Denver.  Realized I never got back here on the big dream I had.  After working with it in a couple of different ways, here’s the nub of what I got:  In retreating, I advance.  The dream called me to consider the time just before my decision to re-enter the ministry with the UU’s.

It was, in many ways, a poor decision and, as I considered it over the retreat, probably caused me to lose almost a decade by turning my focus away from my real work:  writing, gardening, politics, home life.

It shared a characteristic with my original decision to go into the ministry, also a poor one.  My fascination with the sophisticated and intricate intellectual disciplines of first the Christian church (especially biblical study) and then the emerging movement of liberal religion in the United States entranced me.  I confused my very real intellectual excitement with vocation.  The ministry was not the vocation; the intellectual engagement was.

What this means is that I have to guard myself well when I get intellectually stimulated.  A tendency, no, my pattern, is to seek out institutions that utilize that discipline and try to join them.

Instead, when I retreat from institutional involvement, I advance because I do my own work, on my own time and in my own way. Thus, leaving the ministry let me begin this focus on writing.  Then, leaving Unity and giving up the UU ministry except for the occasional preaching assignment let me get started again on the writing.

But, I picked up the Sierra Club and the MIA. Why?  Because both areas fully engage my intellectual interest.  My passion for the Great Work on the one hand and beauty on the other pushed me into the institutional involvement.

Of course, I’m not saying these were wasted years.  Any of them.  I did real work, engaged difficult political, religious, organizational and educational challenges.  However, what I am saying is that following my intellect toward institutional engagement has been a mistake.  One I no longer have to continue.

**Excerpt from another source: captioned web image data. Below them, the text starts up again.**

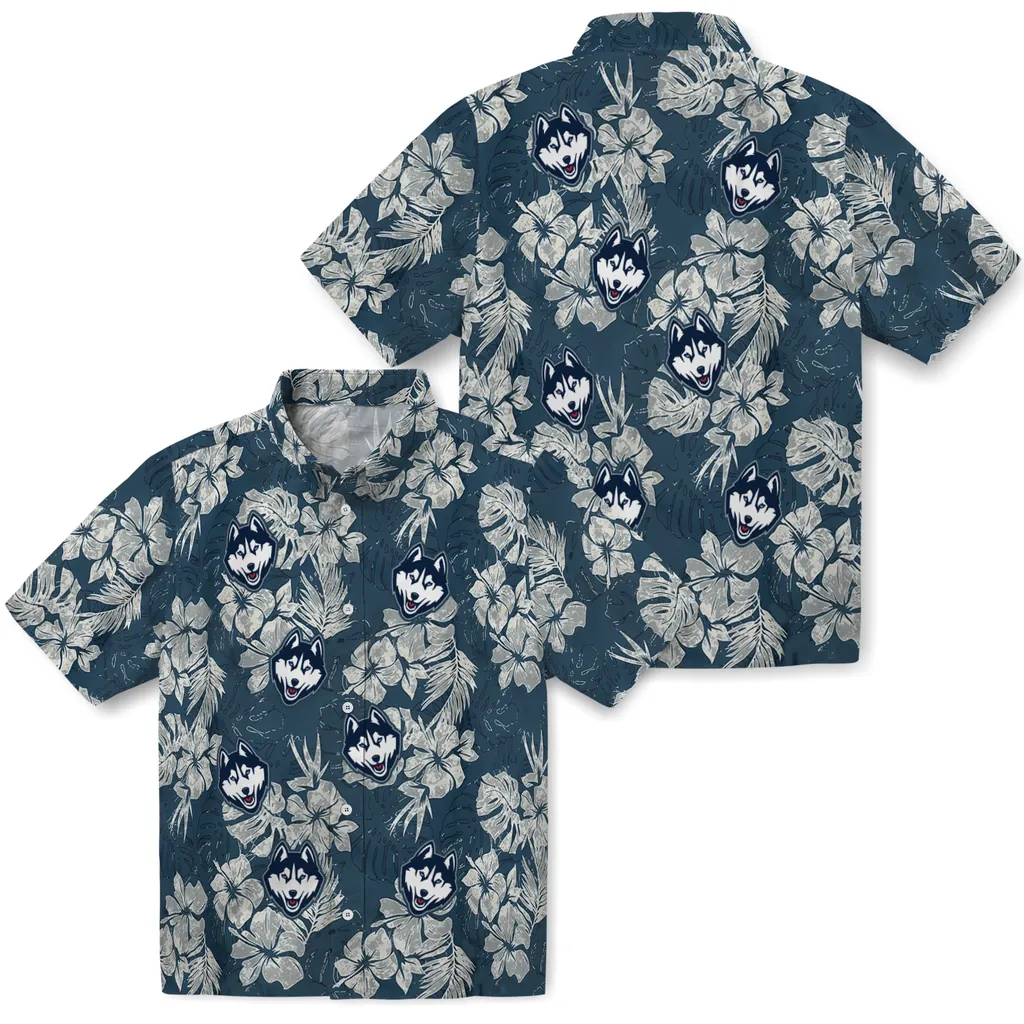 UConn Huskies Hawaiian Shirt - Hibiscus Flowers uconn huskies hibiscus flowers navy blue hawaiian shirts high quality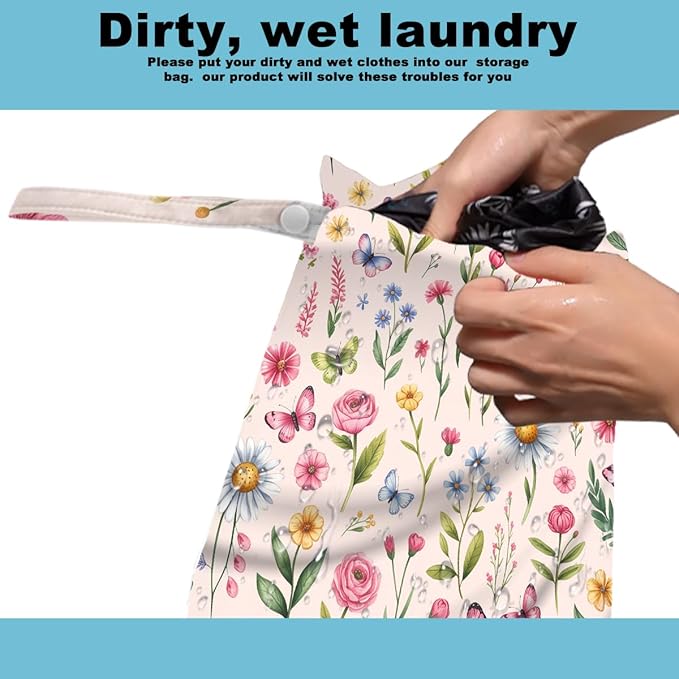 ZHAMEN 2Pcs Wet Bag, Wet Dry Bag Reusable with Zipper, Travel, Beach, Pool, Diapers, Dirty Yoga Gym Clothes, Makeup Bag, Waterproof Wetdry Packing, Summer Floral Decore (12x10 Inch)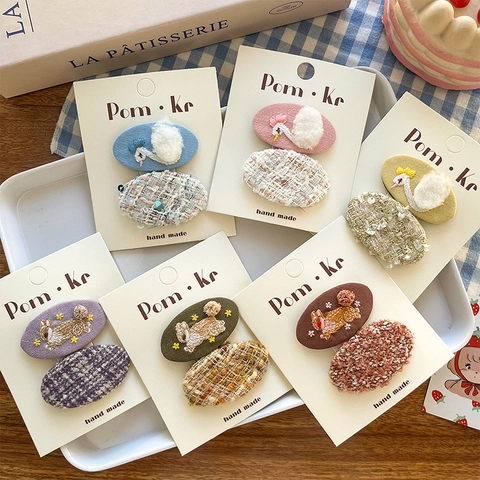 Kids Embroidered Fabric Hair Clip Set Swan Rabbit Handmade Tweed Snap Clip For Girls Cute BB Clip Hair Accessories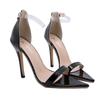 Sexy 12cm High Heel Women Sandals Pointed One Peep Toe Word Black Rhinestone Serpentine Winding Cover Heels Party Shoes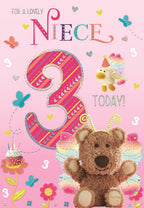 Lovely Niece - 3rd birthday card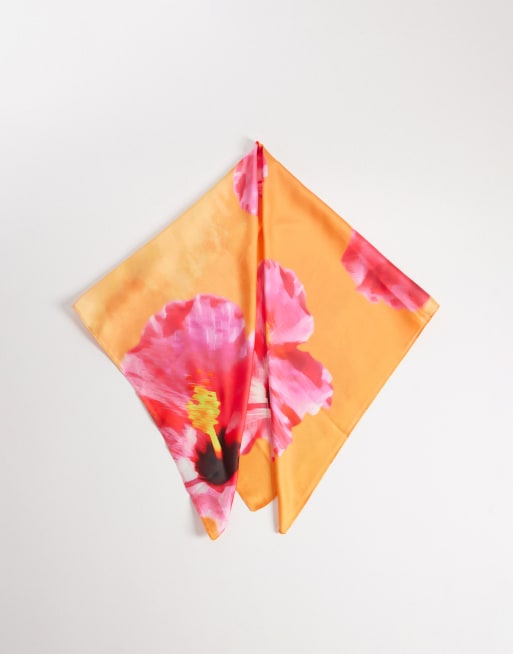My Accessories – Rosa och orange, storblommig bandana i satin , 4 av 4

Now, in the third phase, I have fully retreated to home and study, to self-directed work.  So, I have advanced at last.

This is why, in part at least, this retreat basically affirmed what I’m already doing.  It has taken me 40 plus years to learn this lesson.  About time, I’d say.

The third phase, then, will be the first period of my life when I will engage life fully as I am.  This retreat marked the end of a transition period that began roughly when Kate retired and which is now over.

Now we can live this new life, Kate as earth mother and quilter, me as, well, I don’t have the image yet, but I’m searching for it.